The New Yorker's
editorial director Hendrik Hertzberg updates us this week on the
Drobnys' plan to start a network of liberal talk radio stations to
counter the thirteen hundred
'relentlessly' right-wing conservative talk radio stations that blanket
the American airwaves. He then goes on to brilliantly explain why the
plan is doomed:
The main obstacle, probably, is neither financial nor
ideological but temperamental. Remember the old joke about politics
being show business for ugly people? Well, right-wing radio is niche
entertainment for the spiritually unattractive. It succeeds because a
substantial segment of the right-wing rank and file enjoys listening,
hour after hour, as smug, angry, disdainful middle-aged men spew raw
contempt at reified enemies, named and unnamed. The radiocons seldom
offer analysis or argument. To the chronically resentful, they offer
thr sadistic consolation of an endless sneer -- at weaklings,
victim-group whiners, cultural snobs, Hollywood hypocrites whose hearts
bleed for the downtrodden though they themselves are rich and
privileged, feminists, environmentalists, and, of course, "liberals",
defined as the Clintons, other members of the "Democrat Party", and
persons suspected of thinking that the state ought to help correct for
various kinds of unfairness or calamities (economic, racial, climatic,
medical) or of attaching themselves to some identity other than or in
addition to "American" (black, gay, foreign, all humanity).

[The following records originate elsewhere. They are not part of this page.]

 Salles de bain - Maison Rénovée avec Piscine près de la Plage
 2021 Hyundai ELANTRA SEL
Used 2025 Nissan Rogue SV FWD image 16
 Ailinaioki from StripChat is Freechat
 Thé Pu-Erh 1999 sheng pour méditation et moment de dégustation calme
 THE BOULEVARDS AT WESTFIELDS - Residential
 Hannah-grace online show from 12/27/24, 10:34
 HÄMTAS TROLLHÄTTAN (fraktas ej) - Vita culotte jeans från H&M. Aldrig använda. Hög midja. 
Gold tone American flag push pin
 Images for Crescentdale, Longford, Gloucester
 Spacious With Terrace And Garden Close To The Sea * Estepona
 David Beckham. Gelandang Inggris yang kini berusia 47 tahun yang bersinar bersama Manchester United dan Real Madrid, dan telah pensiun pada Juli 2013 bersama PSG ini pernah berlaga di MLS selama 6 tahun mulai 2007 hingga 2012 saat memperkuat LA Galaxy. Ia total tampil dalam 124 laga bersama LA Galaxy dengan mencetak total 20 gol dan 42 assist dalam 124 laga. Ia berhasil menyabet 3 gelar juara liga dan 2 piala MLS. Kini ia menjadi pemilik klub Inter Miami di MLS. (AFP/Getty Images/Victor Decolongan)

By contrast, most noncons -- most people, for that matter -- do not
regard politics as entertainment. They regard it as politics. They
wouldn't think it was fun to listen to expressions of raw contempt for
conservatives -- oh, maybe for a little while now and then, but not
long enough and often enough to sustain an industry.
And, you know, when we do occasionally
think it's fun to entertain expressions of raw contempt for
conservatives, we prefer to read them from articulate journalists in
quality periodicals like The New
Yorker, rather than listening to hate-mongering radio stations
that pander to the insatiably angry and semi-literate. Perhaps that's
because the written word can be re-read and its eloquence savoured,
while with few exceptions the throw-away ramblings of talk radio
neither lend themselves to a second listen, nor warrant even a first.